Feisal Mohamed and Mary Nyquist’s essay collection is unusual in several respects, most significantly in reprinting a selection of older, classic essays by scholars residing in Canada and adding historical retrospectives by current scholars. These commentaries are followed by new essays that, while quite worthwhile in themselves, are at best loosely related to the preceding material. The end result is eighteen essays and a valuable afterword by Paul Stevens, “Milton in the Far North.” Prospective readers will profit from reading this afterward alongside Mohamed’s and Nyquist’s introduction, which explains how, from the early twentieth century onward, Canadian scholars remained dedicated to historicist approaches to Milton long after they had suffered New Critical eclipse in the United States. Neither summation completely overcomes Balachandra Rajan’s stated [End Page 224] skepticism about the existence of a true Canadian “school” of literary criticism, and both tend to under-represent the influence of British critical traditions learned by most of these Canadians at Cambridge and Oxford, but, certainly, something like what Stevens calls a “Toronto renaissance” led by A.S.P. Woodhouse justifies considering their combined achievements, including Northrop Frye’s formalist variation on historicism. As Hugh McCallum details, this renaissance had as much to do with the force of Woodhouse’s personality as his scholarship, which, while stimulating and in many ways empirically sound, helped create a seventeenth-century “Puritan revolution” marred by anachronism and overstatement. Elizabeth Sauer’s essay on Woodhouse concedes as much without really stating the obvious: that he was partly responsible for the subsequent reaction against exclusively religious explanations of the English civil wars and the current Cambridge school’s rediscovery of classical republicanism, to which many of the commentators included here ironically belong.
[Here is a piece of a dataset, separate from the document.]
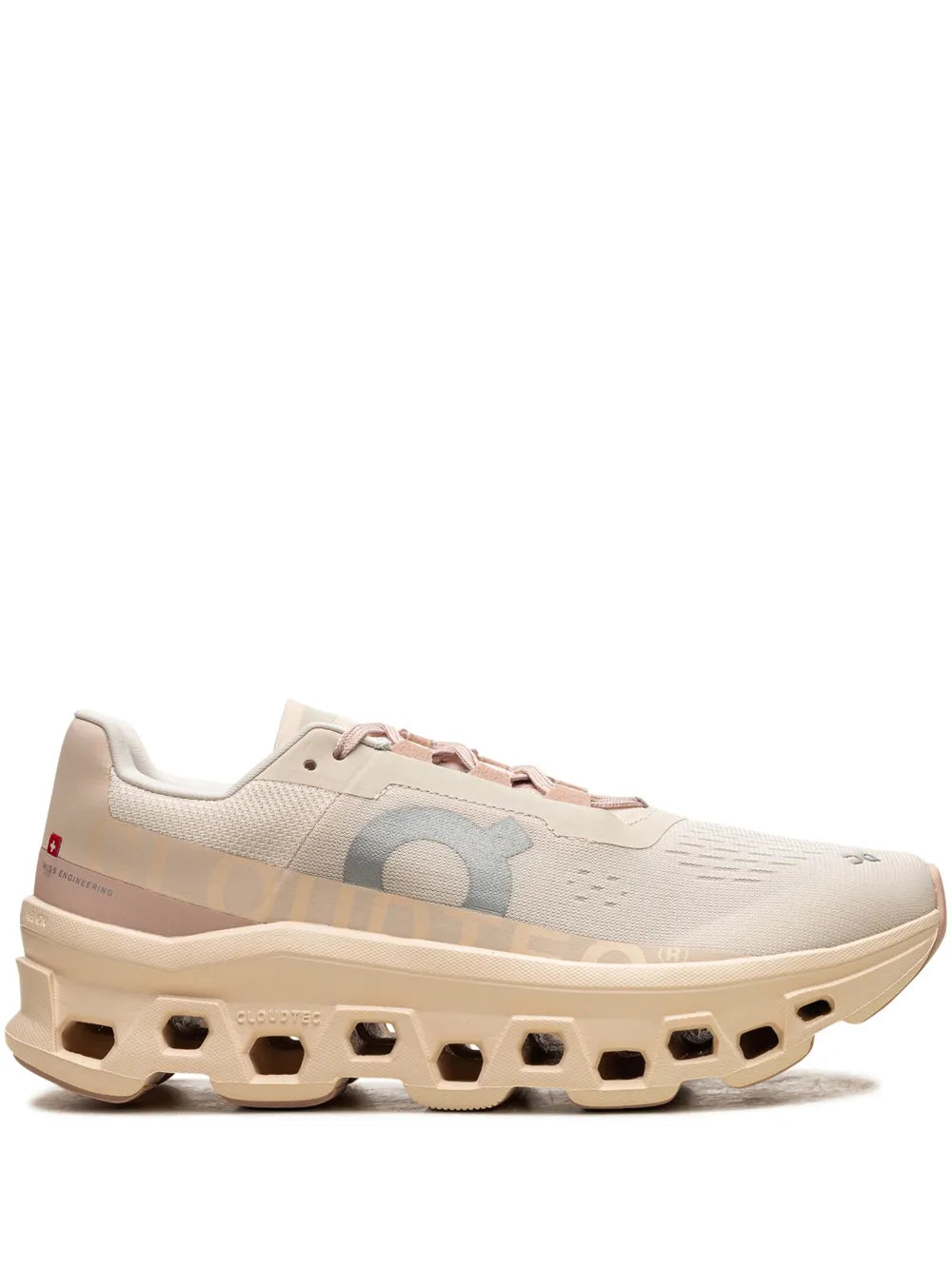 Light beige On Cloudmonster running sneaker with pink lace accents and cushioned sole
Other essays, by John Leonard, Peter Herman, and Annabel Patterson, variously illustrate the other side of the story, Leonard and Herman by reassessing the ongoing value as well as the missed potential of contemporaneous work by Frye and Douglas Bush, and Patterson by including a wholly secular, highly stimulating reading of Milton’s final prose tract, The Readie and Easie Way. Nicholas von Maltzahn provides a glowing, well-deserved tribute to Ernest Sirluck’s meticulous empiricism, although, like Herman’s, his essay digresses into extraneous issues. Herman unconvincingly maintains that Frye was marginalized by the American establishment, while von Maltzahn maintains that Milton’s views strongly differ from both deism and radical Whiggism. He may be right – although John Dennis needs to be examined more thoroughly in this context – but such broad claims are difficult to prove in such a short space. Another problem with the volume has to do with the editors’ decision not to ask any current critic to re-evaluate Rajan, McCallum, or Arthur Barker, who seem either to diverge from Woodhouse as much as Sirluck or, in McCallum’s case, to apply his “grand narrative” to Milton’s theology in ways that by now seem more questionable than they once did. Nevertheless, this elision is partly corrected by the editors’ thorough treatment of all the above in their introduction.

As already noted, the new essays that follow take interesting but largely idiosyncratic directions. Elizabeth Hodgson carefully assesses positive Catholic images in Milton’s prose, although she should have included a broader sample or at least provided a tentative explanation for their presence. Mohamed’s attempt to link Fielding’s and Jonson’s satires to Milton’s critique of high mimesis is more promising in outline than in detail, but Phillip Donnelly fills important gaps by showing that Milton’s tactics in Arepagitica are at once more like and more different from [End Page 225] Machiavelli than they seem. Muhammad Sid-Ahmad’s discussion of a possible Arabic source for the self-discovery of Milton’s Adam is also stimulating but in the end difficult to prove definitively, while Rajan’s concluding essay on ecocriticism in Milton’s...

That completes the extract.